In an accompanying supporting memorandum, Petitioner states that a timely appeal of his conviction was filed with the D. C. Court of Appeals on July 10, 1998. (Doc. 3 at p. 4). Windsor also indicates that a counseled February 14, 2000 post-conviction motion pursuant to D.C. Code § 23-110 was filed with the trial court. On April 24, 2000, Petitioner purportedly discovered "that certain portion[s] of the trial proceedings and evidentiary rulings" were missing from the transcript. (Id. at p. 5). The missing trial transcript issue was subsequently brought to the attention of both the trial court and the Court of Appeals. (Id.).
Windsor's submission indicates that his initial direct appeal was stayed pending resolution of his § 23-110 motion.
According to Windsor, his § 23-110 motion was denied without a hearing by the trial court on January 24, 2001. (Id.).
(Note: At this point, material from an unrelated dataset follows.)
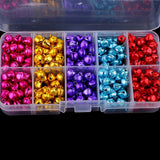300 Pieces Mixed Colors Jingle Christmas Bells Loose Beads Charms 8mm Jewelry Making & Crafting Designs Wedding Party Decorations Balls - Aladdin Shoppers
Petitioner filed an appeal of the adverse § 23-110 determination with the Court of appeals. His § 23-110 appeal was consolidated with his previously filed direct appeal. Windsor avers that following submission of a supplemental brief and oral argument, the Court of Appeals "affirmed on the merits" but remanded for resentencing on a "merger issue" by decision dated October 1, 2002 (Id. at p. 6). After a prolonged "unsuccessful attempt to obtain the missing portion of the transcript/record," Petitioner filed a pro se motion to recall the mandate on March 19, 2009. (Id.) The D.C. Court of Appeals issued a decision on October 2, 2009 denying the request to recall the mandate. Therein, the Court of Appeals noted that "the absence of the transcript did not prejudice him [Windsor] in receiving a fair review of claimed error on appeal." (Id. at p. 7). Finally, Petitioner acknowledges that on November 24, 2009, he filed a motion for rehearing with the D.C. Court of Appeals which is apparently still pending before that court.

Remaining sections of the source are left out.